Part of Series
Set in the early industrial revolution and the great canal building age, a young Jane Austen takes on the role of detective as she seeks to solve the mysterious events at the Oxford canal terminus. Nearing completion, convicts work on completing the wharf overseen by the charming secretary Mr George, who shows Jane around. A rude convict Gardiner does not make a good impression though. When Gardiner goes missing and canal funds turn up short, an exciting manhunt ensues but Jane begins to expect something suspicious about the secretary and the reasons why Gardiner was in prison. Were Jane's first impressions very wrong about the relative merits of the convict and the secretary? With the ever-present Austen spirit, Jane with notebook in hand, boldly overcomes the obstacles to finding the truth and expose the secrets. Inspired by Austen's third novel Pride and Prejudice (working title First Impressions).
Author

My journey to becoming an author has been a roundabout one, taking in many other careers. I grew up on the edge of Epping Forest and was that dreamy kind of child who was always writing stories. After reading English at Cambridge, I decided to find out as much as I could about the wider world so joined the Foreign Office and served in Poland. My work as a diplomat took me from the high point of town twinning in the Tatra Mountains to the low of inspecting the bottom of a Silesian coal mine. On leaving Poland, I exchanged diplomacy for academia and took a doctorate in the literature of the English Romantic Period at Oxford. I then joined Oxfam as a lobbyist on conflict issues, campaigning at the UN and with governments to lessen the impact of conflict on civilians living in war zones - a cause about which I still feel very passionate. Married with three children, I now live in Oxford between two rivers, surrounded by gargoyles, beautiful sandstone buildings and ancient trees. My first novel, 'The Diamond of Drury Lane', won the Waterstone's Children's Book Prize 2006 and the Nestle Children's Book Prize 2006 (formerly known as the Smarties Prize).

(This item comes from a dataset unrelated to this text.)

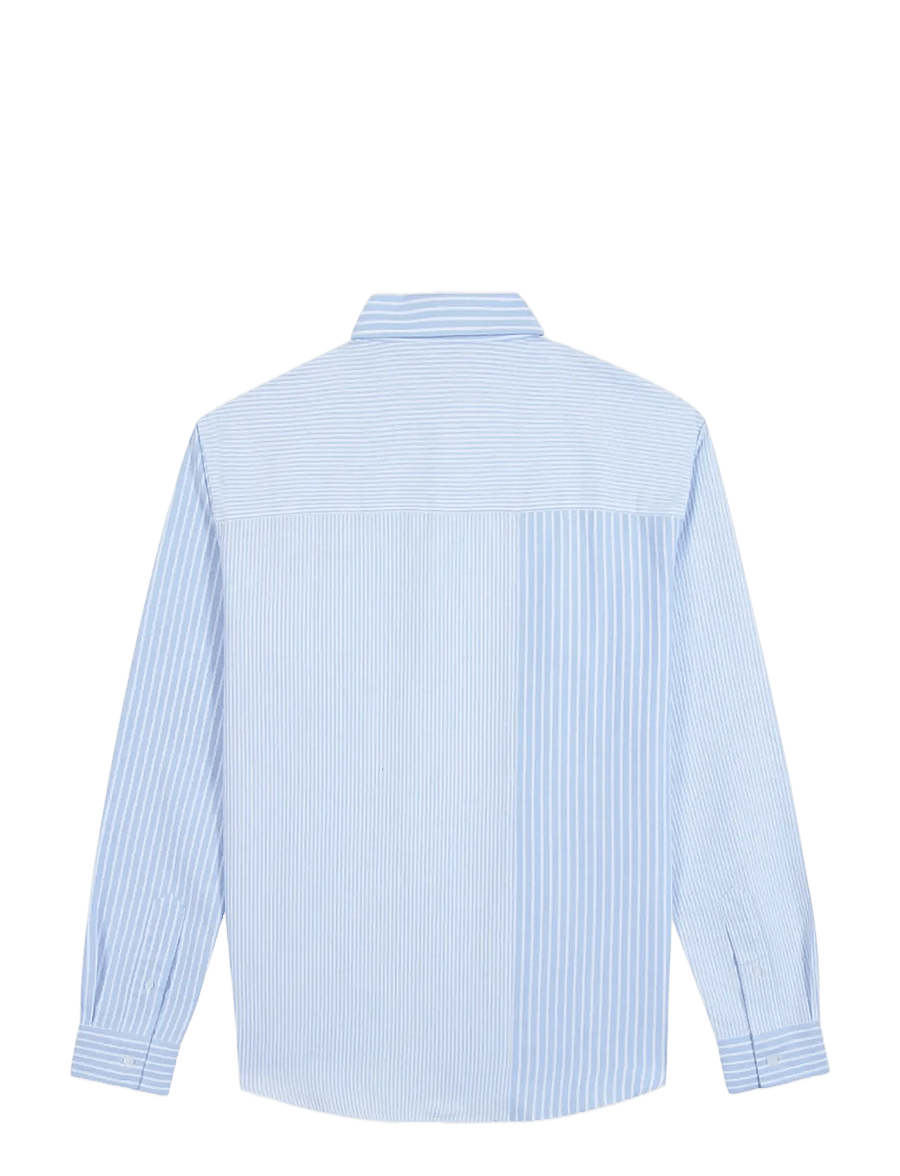 Maison Labiche - BONNE GRAINE MAISON LABICHE - gestreifte hemden - oxford patchwork - 1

I was also chosen by Waterstone's in 2007 as one of their 'Twenty-five authors for the future'. In the US, 'Secret of the Sirens' won the honor book medal of the Green Earth Book Award. My latest series, which starts with Mel Foster and the Demon Butler, about an intrepid Victorian orphan who lives in a household of monsters, won Bronze in the Primary Teacher awards in 2015. The next part, Mel Foster and the Time Machine, has set the time-dial to arrive in 2016.